== Segment start ==
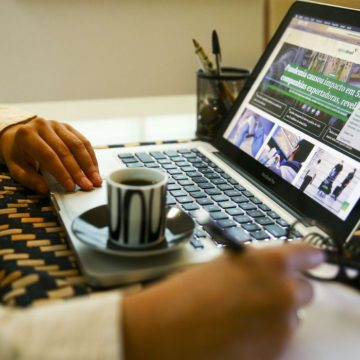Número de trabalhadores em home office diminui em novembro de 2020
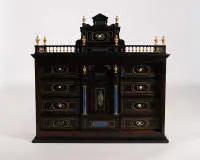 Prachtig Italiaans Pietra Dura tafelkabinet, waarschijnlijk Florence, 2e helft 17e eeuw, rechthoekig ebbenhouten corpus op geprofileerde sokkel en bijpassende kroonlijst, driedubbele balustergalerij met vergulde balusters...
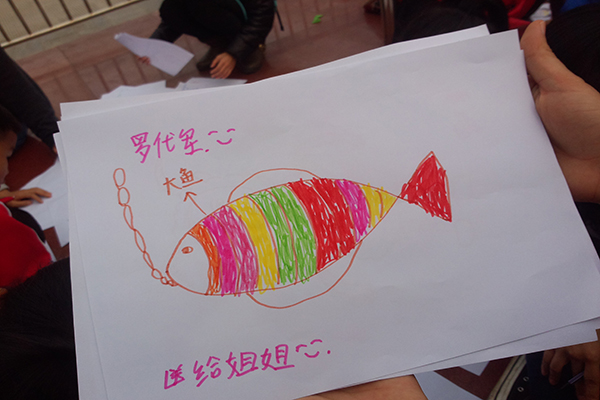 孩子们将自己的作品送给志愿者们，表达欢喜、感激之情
== Segment end ==
• _Problem_: Copy all the material above exactly, but skip each image.

• _Solution below_:
Número de trabalhadores em home office diminui em novembro de 2020
 Prachtig Italiaans Pietra Dura tafelkabinet, waarschijnlijk Florence, 2e helft 17e eeuw, rechthoekig ebbenhouten corpus op geprofileerde sokkel en bijpassende kroonlijst, driedubbele balustergalerij met vergulde balusters...
 孩子们将自己的作品送给志愿者们，表达欢喜、感激之情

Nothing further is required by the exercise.